Is DFS better than BFS for space complexity when finding path from root to a node in a tree?

For simplicity, and I think without loss of generality, we can consider a binary tree. Suppose that we want to find the path between the root node and some node in the tree (we don't know where it is and only that it exists in the tree).

Worst case scenario is if the node was a leaf node at the largest depth.

If we want to find the path to this node, is DFS a lot better memory wise? DFS would incur O(h) (h = height of tree) recursion space and the space used to store the current path is also O(h) (not certain of this, but I think this is right). So the space complexity is O(h) I believe.

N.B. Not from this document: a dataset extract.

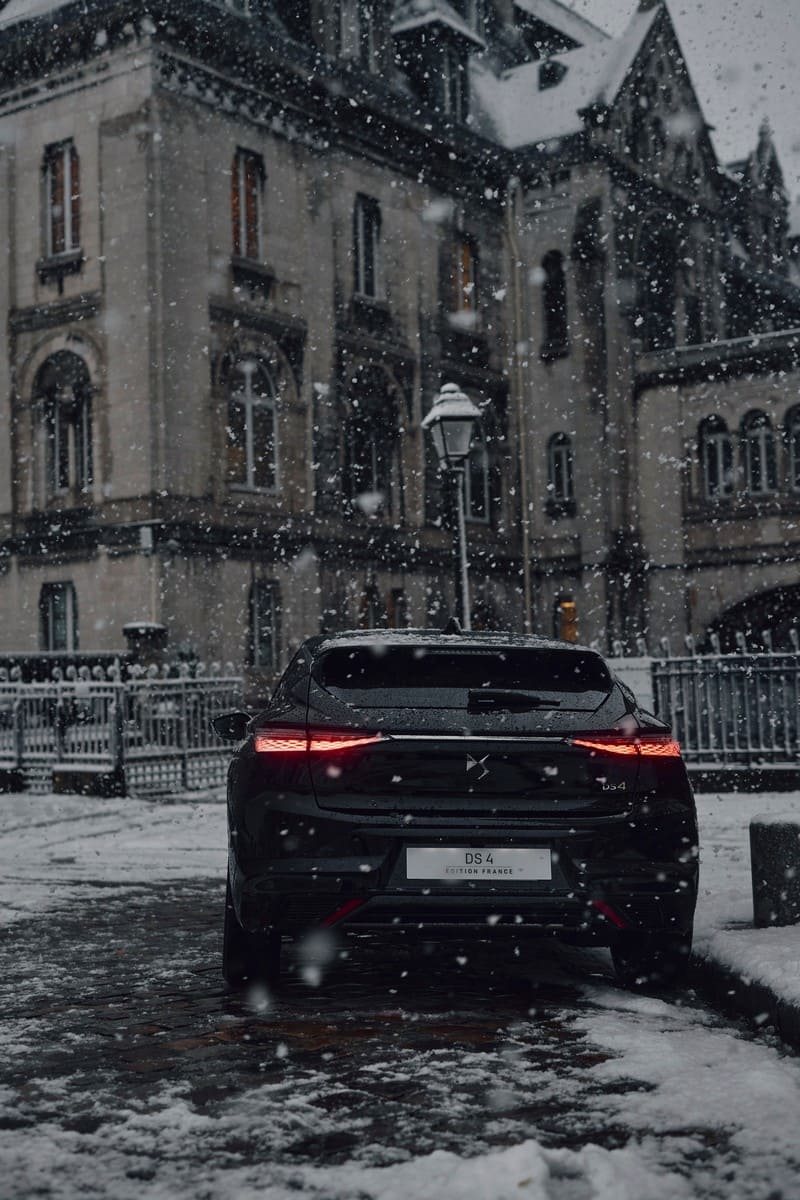 2025 - DS 4 ÉDITION FRANCE, foto 32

If we used BFS, we'd end up storing like 2^h paths with each path being O(h) long. So the space complexity is O(2^h * h).

Is this analysis correct, or am I missing something here?

In the case of the binary tree, and assuming your binary tree is balanced, yes, I think you will be using more space at any given time in general with BFS. DFS would be allocating and releasing memory space, while BFS would be holding memory increasingly as it goes down the tree.

BFS would be simplified because you don't need really to mark visited nodes as you do with graphs, and if each node had a pointer to their parent, you wouldn't need to keep track of paths. That pointer to parent solution would also help your DFS, because it is a tree, and you can be sure that when you find the node, walking back to the root through the parent pointers is the shortest path.

If you binary tree is very unbalanced, your average case scenario could favor BFS at times because it could find the node quicker using less pointer references at any given time after all.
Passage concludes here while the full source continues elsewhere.